The PCB then integrates the (piezoelectric and temperature) sensors characteristic of a sensor- equipped brake pad, in the jargon, Smart Pad, into a small compact board with conductive tracks and an interconnection region.

For industrialization and high-volume mass production of Smart Pads, cost, size and production process are essential.

The PCB enables a production process adapted to large-scale production; a critical aspect of the production process is how to integrate the PCB inside a brake pad to manufacture a smart brake pad.

Piezoelectric sensors are sensitive to the support on which they are fixed.

In particular, if the support is not sufficiently rigid or is not properly integrated into the Smart Pad assembly, a compressive stress could induce a certain strain of the piezoelectric sensor which is transmitted and read as tensile stress, rather than compressive stress.

It is known that a suitable integration of the PCB in the Smart Pad also plays an important role in protecting the board against the external environment, in the efficiency and in the duration and reliability of the detections: moisture, dust, presence of saline solutions in marine areas, and debris may damage the board when the Smart Pad is used extensively in the harsh environment in which it is expected to operate.
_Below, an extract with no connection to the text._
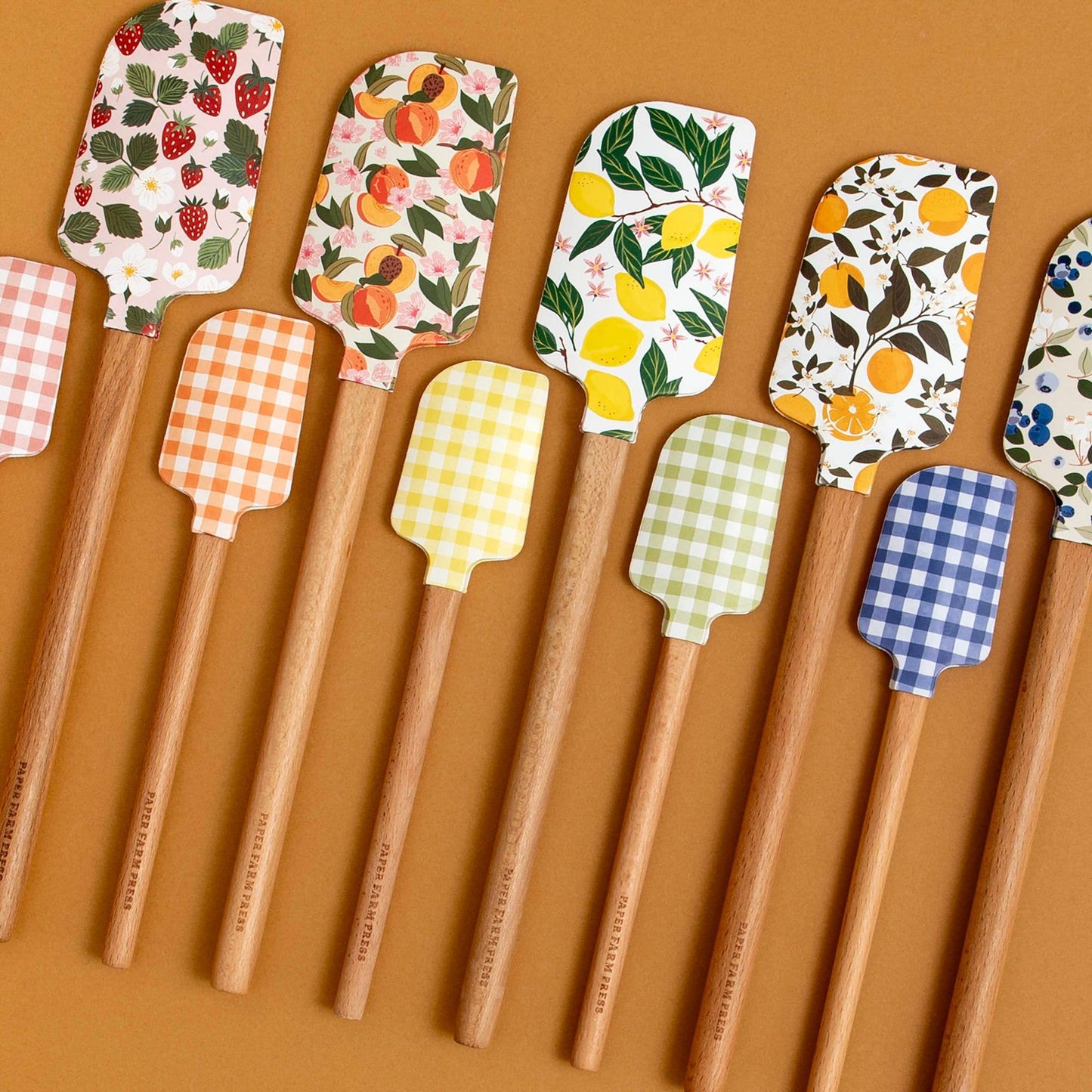 Blueberry Field Silicone Kitchen Spatulas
Traditionally, the PCB is fixed to the rear plate, which is suitably machined to obtain a specific recess having a shape mating with that of the board to be inserted.

Once inserted in the recess, the board is fixed to the edges by multiple welding or mechanical riveting points disposed along the entire perimeter.
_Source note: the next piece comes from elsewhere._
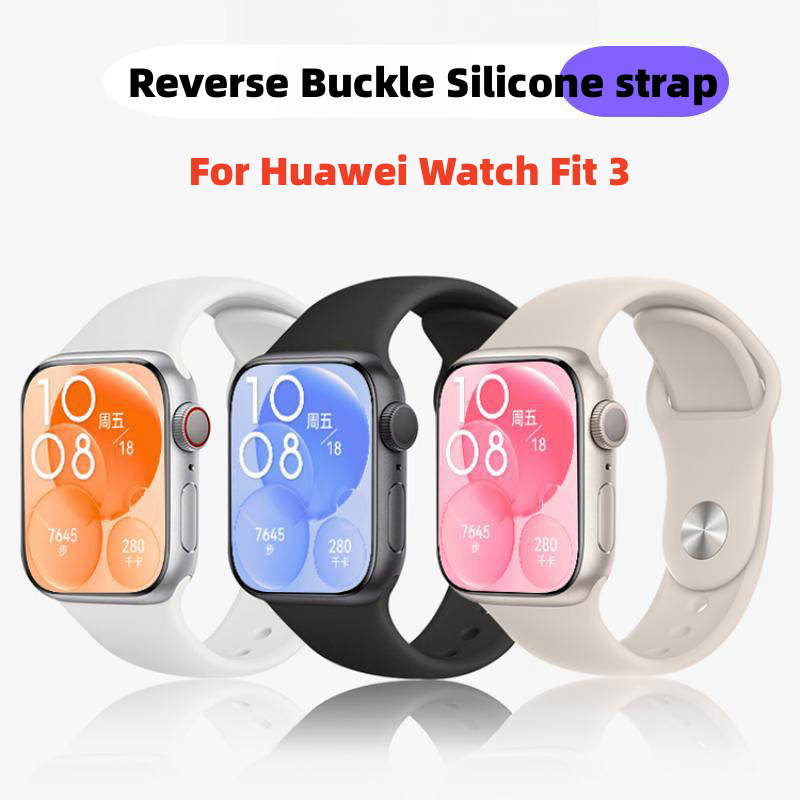 Dây đeo silicon mềm cho Huawei watch Fit 3 / Fit 4 / Fit 4 pro Vòng đeo tay cho Huawei watch fit3 Dâ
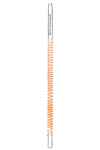 Kaya Glasmundstück slight line XL glow Coil orange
These fixing systems are notoriously not very effective, since they do not ensure the complete adherence of the board to the rear plate.
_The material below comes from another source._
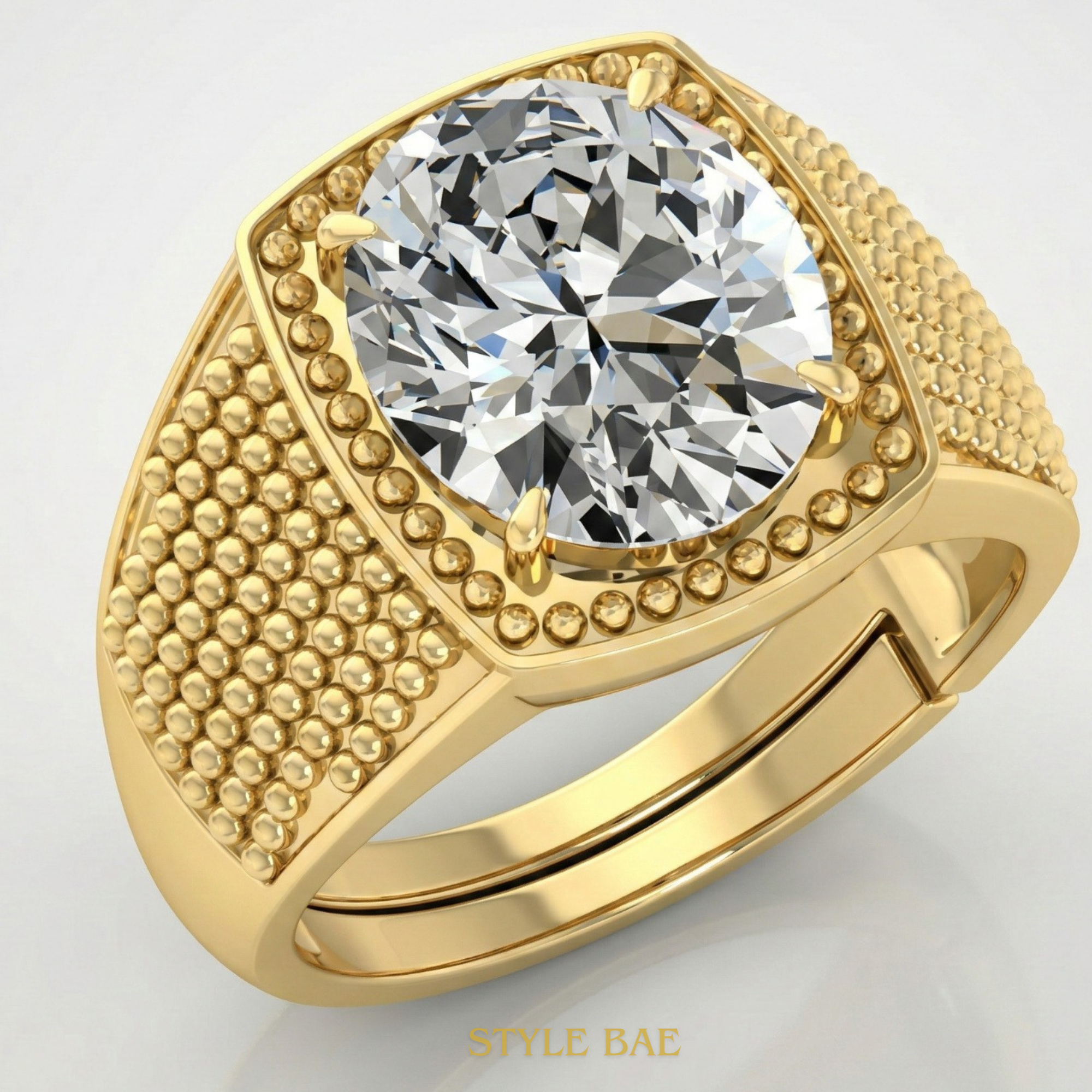 Bold Royal Gold Statement Ring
This is known to cause at least two types of problem: specifically, the pressure force signal inversion, due to the initial failure of the bottom of the board, subjected to the pressure of the friction material engaged in the braking, toward the bottom of the housing recess in the rear plate before reaching the complete adherence under stress. Another type of problem is the possibility that moisture, dust and dirt enter the gap left between the board and the bottom of the housing recess in the rear plate, nullifying the efficiency, safety and duration of the measurements.

Therefore, there is a need to improve the known characteristics of a sensor-equipped brake pad comprising a printed circuit board.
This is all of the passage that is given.